Go Back  FlyerTalk Forums > Travel&Dining > Travel Tools
Reload this Page >

ITA software scrape

Community
Wiki Posts
Search

ITA software scrape

Thread Tools
 
Search this Thread
 
Old Dec 4, 2018, 7:57 am
  #1  
Original Poster
 
Join Date: Sep 2004
Programs: LH HON, AF Plat, BA Gold, SPG Plat, HHo Gold
Posts: 155
ITA software scrape

Just curious, whether anybody has succeeded in creating a scraping script for ITA software. I have seen a post over on headforpoints, which suggested it was possible. Any insight?

Thanks,

Jan
Jan@BRU is offline  
Old Dec 4, 2018, 11:28 pm
  #2  
Moderator: Hyatt; FlyerTalk Evangelist
 
Join Date: Jun 2015
Location: WAS
Programs: :rolleyes:, DL DM, Mlife Plat, Caesars Diam, Marriott Tit, UA Gold, Hyatt Glob, invol FT beta tester
Posts: 18,889
Originally Posted by Jan@BRU
Just curious, whether anybody has succeeded in creating a scraping script for ITA software. I have seen a post over on headforpoints, which suggested it was possible. Any insight?

Thanks,

Jan
What exactly do you mean by scraping?

Are you looking for functionality provided by either the Userscript or bookwithmatrix?
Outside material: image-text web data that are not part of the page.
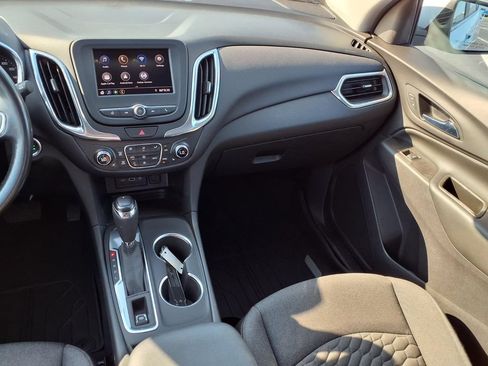 Used 2021 Chevrolet Equinox LT FWD image 4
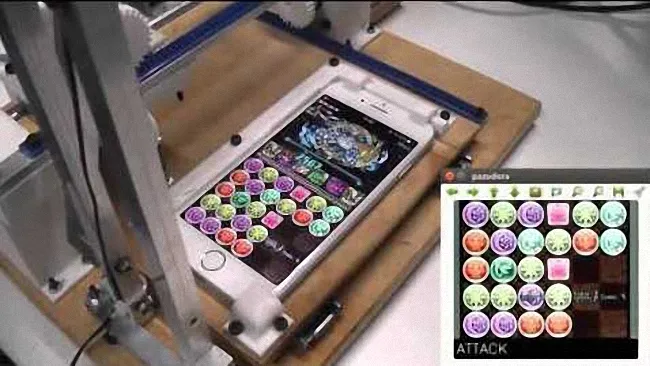 Un robot fai-da-te controlla iPhone e stravince nei giochi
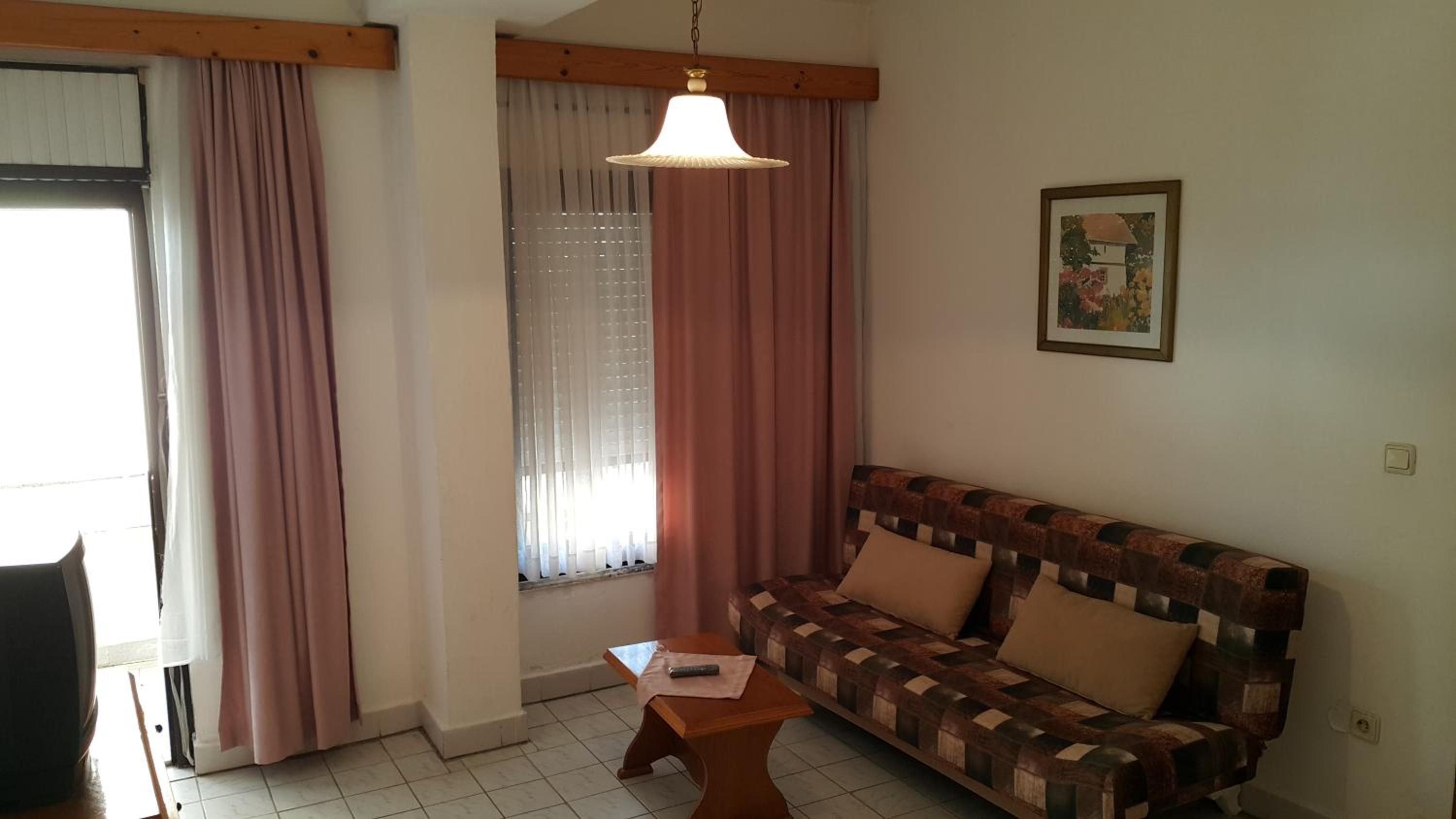 Apartment - Ground Floor photo 3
ITA-Matrix-PowerTools - Userscript for Orbitz/DL/UA/AA/BA/CZ/IB/LA/LH/LX/TK

BookWithMatrix.com: a tool to easily book with ITA Matrix
Zorak is offline  
Old Dec 7, 2018, 8:22 am
  #3  
Original Poster
 
Join Date: Sep 2004
Programs: LH HON, AF Plat, BA Gold, SPG Plat, HHo Gold
Posts: 155
Zorak,
No -- that's what I mean. From what I understand, the tools you mention assist you in purchasing specific search results, which indeed is a big help.

Scraping refers to automating requests sent to a website and harvesting the results.
Take for example the recently introduced limitation on ITA to limit the jointly queried departure points to cities in a single country. If you want to do a regional query of flights from all departure points in neighboring countries, you need to several requests.
Scraping would run a script, send out a request, wait for the results to display and than store the results before moving on the next request automatically etc.
It's obvious that google discourages that kind of data harvesting and has put in place a few barriers to do it.... I was wondering whether somebody has managed to successfully scrape ITA nonetheless.

Thanks

Jan
Jan@BRU is offline  
Old Dec 7, 2018, 10:10 am
  #4  
Moderator: Hyatt; FlyerTalk Evangelist
 
Join Date: Jun 2015
Location: WAS
Programs: :rolleyes:, DL DM, Mlife Plat, Caesars Diam, Marriott Tit, UA Gold, Hyatt Glob, invol FT beta tester
Posts: 18,889
I know what scraping means in general, but wanted to understand your specific use case and whether it had to do with booking or searching.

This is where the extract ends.